PROJECT_ID = os.getenv("GOOGLE_CLOUD_PROJECT")


def transcribe_with_model_adaptation(
    audio_uri: str,
    custom_class_id: str,
    phrase_set_id: str,
) -> str:
    """Create `PhraseSet` and `CustomClasses` for custom item lists in input data.
    Args:
        audio_uri (str): The Cloud Storage URI of the input audio. e.g. gs://[BUCKET]/[FILE]
        custom_class_id (str): The unique ID of the custom class to create
        phrase_set_id (str): The unique ID of the PhraseSet to create.
    Returns:
        The transcript of the input audio.
    """
    # Specifies the location where the Speech API will be accessed.
    location = "global"

    # Audio object
    audio = speech.RecognitionAudio(uri=audio_uri)

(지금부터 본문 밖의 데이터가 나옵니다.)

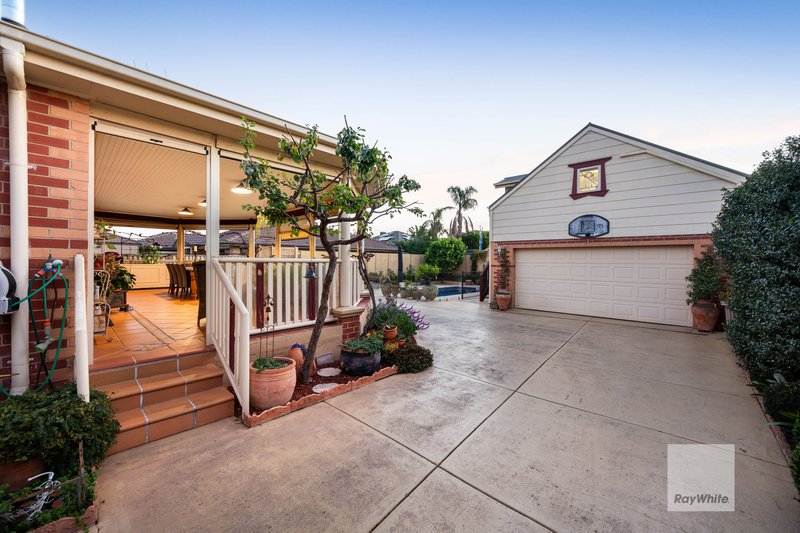 Photo - 156 Greenvale Drive, Greenvale VIC 3059 - Image 5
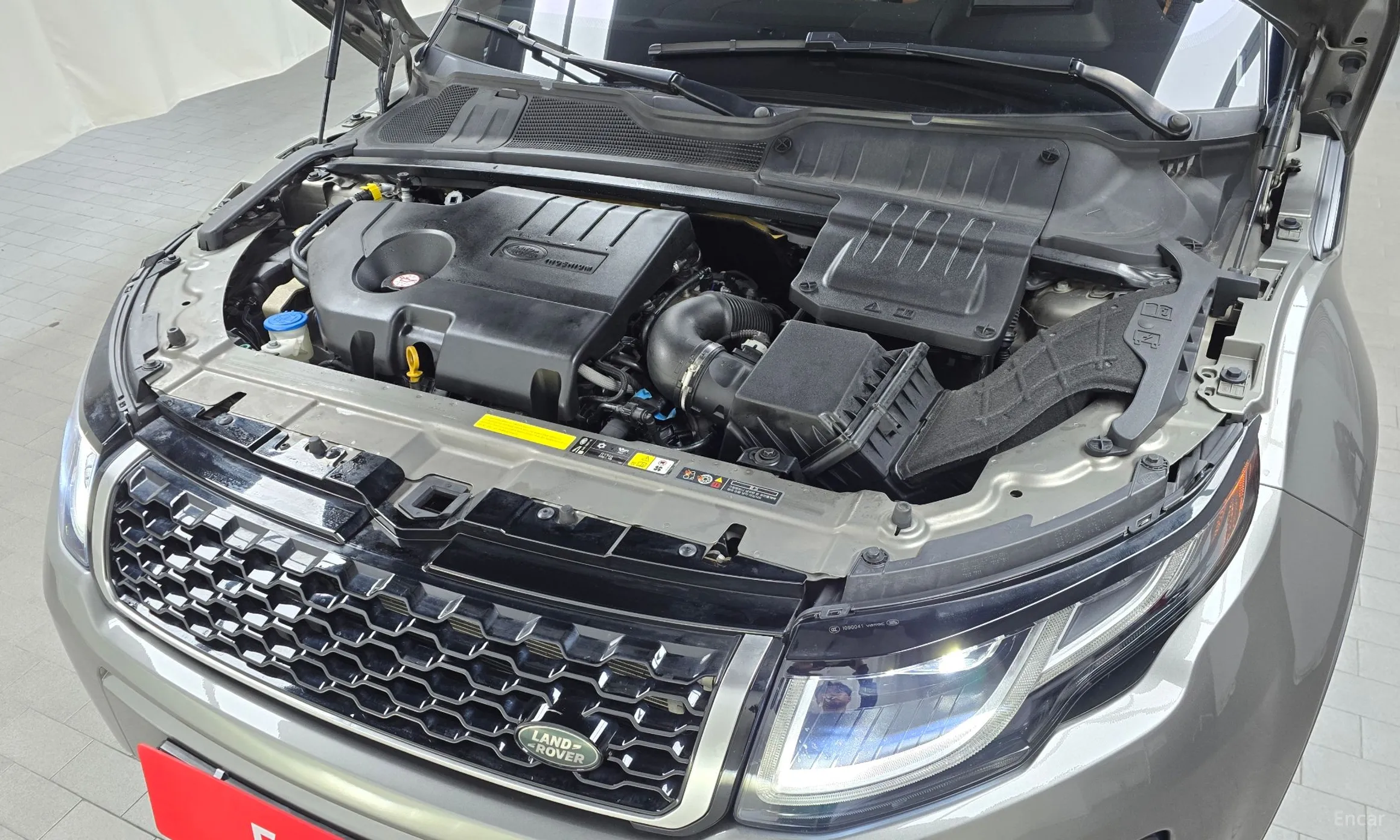 Land Rover Range Rover Evoque превью 6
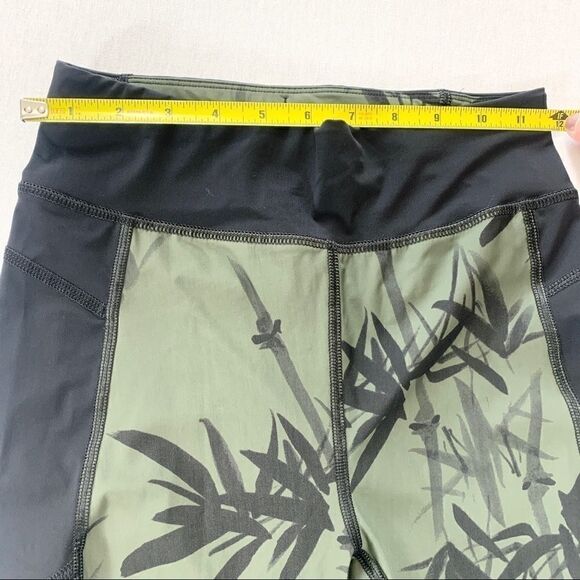 Sweaty Betty XS Zero Gravity Mesh Running Leggings - Picture 10 of 12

    # Create the adaptation client
    adaptation_client = speech.AdaptationClient()

    # The parent resource where the custom class and phrase set will be created.
    parent = f"projects/{PROJECT_ID}/locations/{location}"

    # Create the custom class resource
    adaptation_client.create_custom_class(
        {
            "parent": parent,
            "custom_class_id": custom_class_id,
            "custom_class": {
                "items": [
                    {"value": "sushido"},
                    {"value": "altura"},
                    {"value": "taneda"},
                ]
            },
        }
    )
    custom_class_name = (
        f"projects/{PROJECT_ID}/locations/{location}/customClasses/{custom_class_id}"
    )
    # Create the phrase set resource
    phrase_set_response = adaptation_client.create_phrase_set(
        {
            "parent": parent,
            "phrase_set_id": phrase_set_id,
            "phrase_set": {
                "boost": 10,
                "phrases": [
                    {"value": f"Visit restaurants like ${{{custom_class_name}}}"}
                ],
            },
        }
    )
    phrase_set_name = phrase_set_response.name
    # The next section shows how to use the newly created custom
    # class and phrase set to send a transcription request with speech adaptation

    # Speech adaptation configuration
    speech_adaptation = speech.SpeechAdaptation(phrase_set_references=[phrase_set_name])

    # speech configuration object
    config = speech.RecognitionConfig(
        encoding=speech.RecognitionConfig.AudioEncoding.LINEAR16,
        sample_rate_hertz=24000,
        language_code="en-US",
        adaptation=speech_adaptation,
    )

    # Create the speech client
    speech_client = speech.SpeechClient()

    response = speech_client.recognize(config=config, audio=audio)

    for result in response.results:
        print(f"Transcript: {result.alternatives[0].transcript}")